(Source records)
== == ==

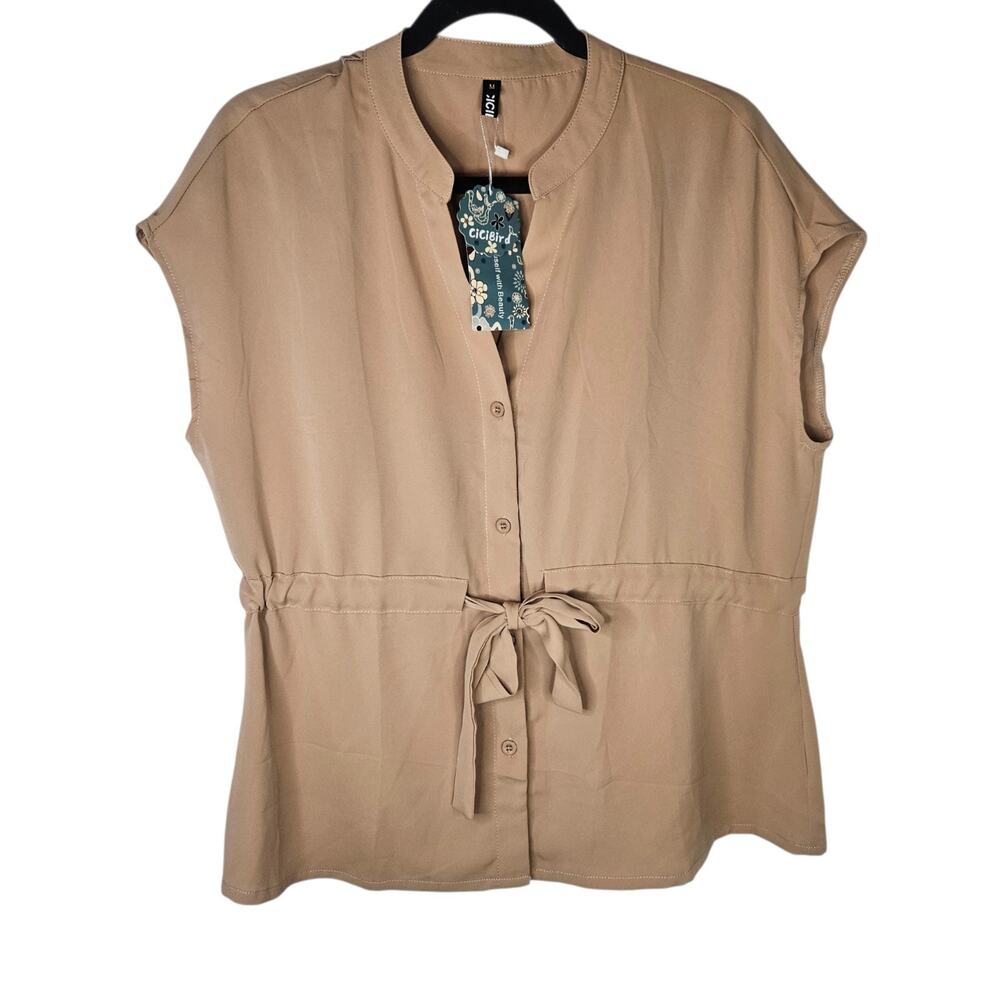 CiCiBird Women Button Down Blouse Casual Peplum Summer Top Dressy Work Beige Med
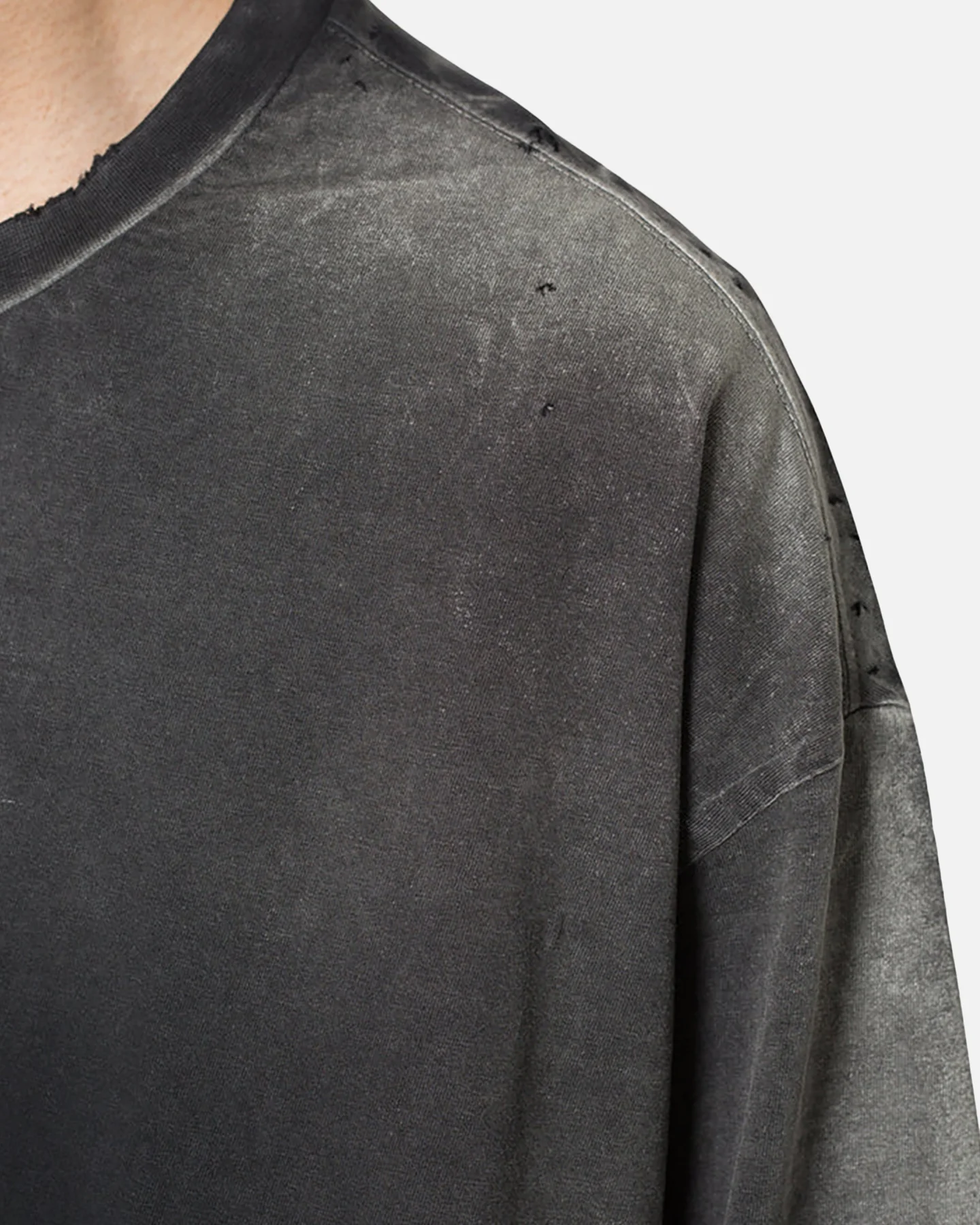 MNML Sun Burned Distressed Pocket T-Shirt Vintage Black - Image 6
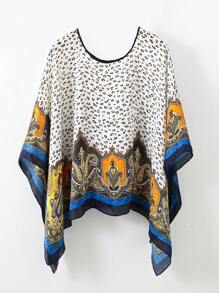 1 件女士沙滩配饰夏季印花蝙蝠袖上衣雪纺斗篷休闲宽松透明衬衫搭配花卉印花真丝围巾波西米亚风沙滩罩衫配饰女士 - 彩色 - 查看 25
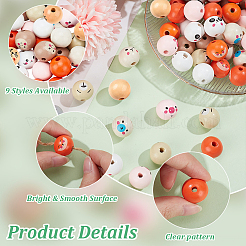 90Pcs 9 Colors Wood European Style Beeds&nbsp;WOOD-OC0003-74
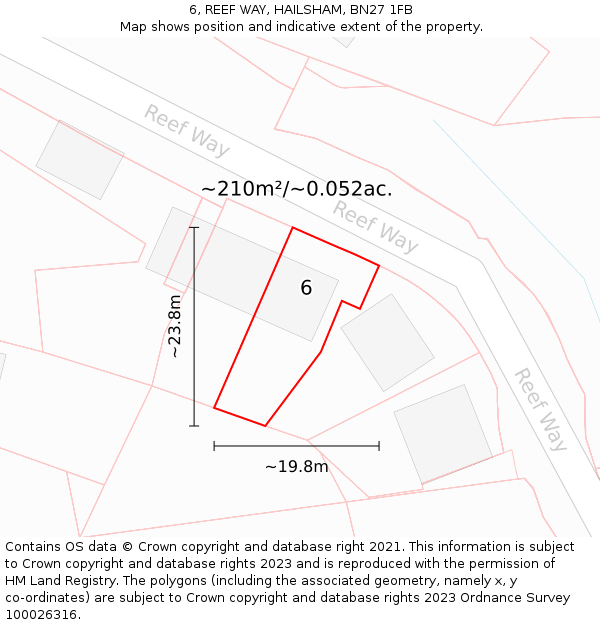 6, REEF WAY, HAILSHAM, BN27 1FB: Plot and title map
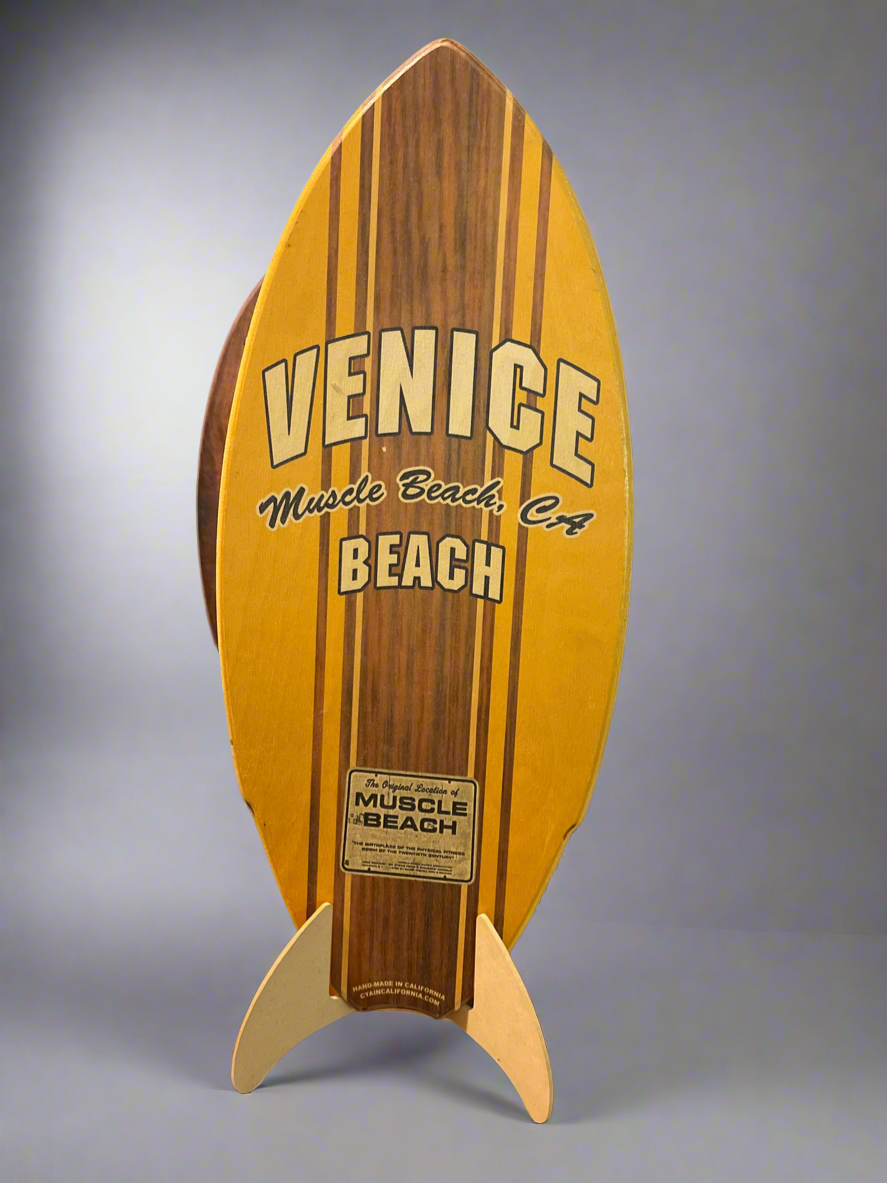 Vintage Venice Muscle Beach California novelty wooded surfboard.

== == ==

Every entry, word for word, should be given again; the pictures are not part of the copy.

 CiCiBird Women Button Down Blouse Casual Peplum Summer Top Dressy Work Beige Med
 MNML Sun Burned Distressed Pocket T-Shirt Vintage Black - Image 6
 1 件女士沙滩配饰夏季印花蝙蝠袖上衣雪纺斗篷休闲宽松透明衬衫搭配花卉印花真丝围巾波西米亚风沙滩罩衫配饰女士 - 彩色 - 查看 25
 90Pcs 9 Colors Wood European Style Beeds&nbsp;WOOD-OC0003-74
 6, REEF WAY, HAILSHAM, BN27 1FB: Plot and title map
 Vintage Venice Muscle Beach California novelty wooded surfboard.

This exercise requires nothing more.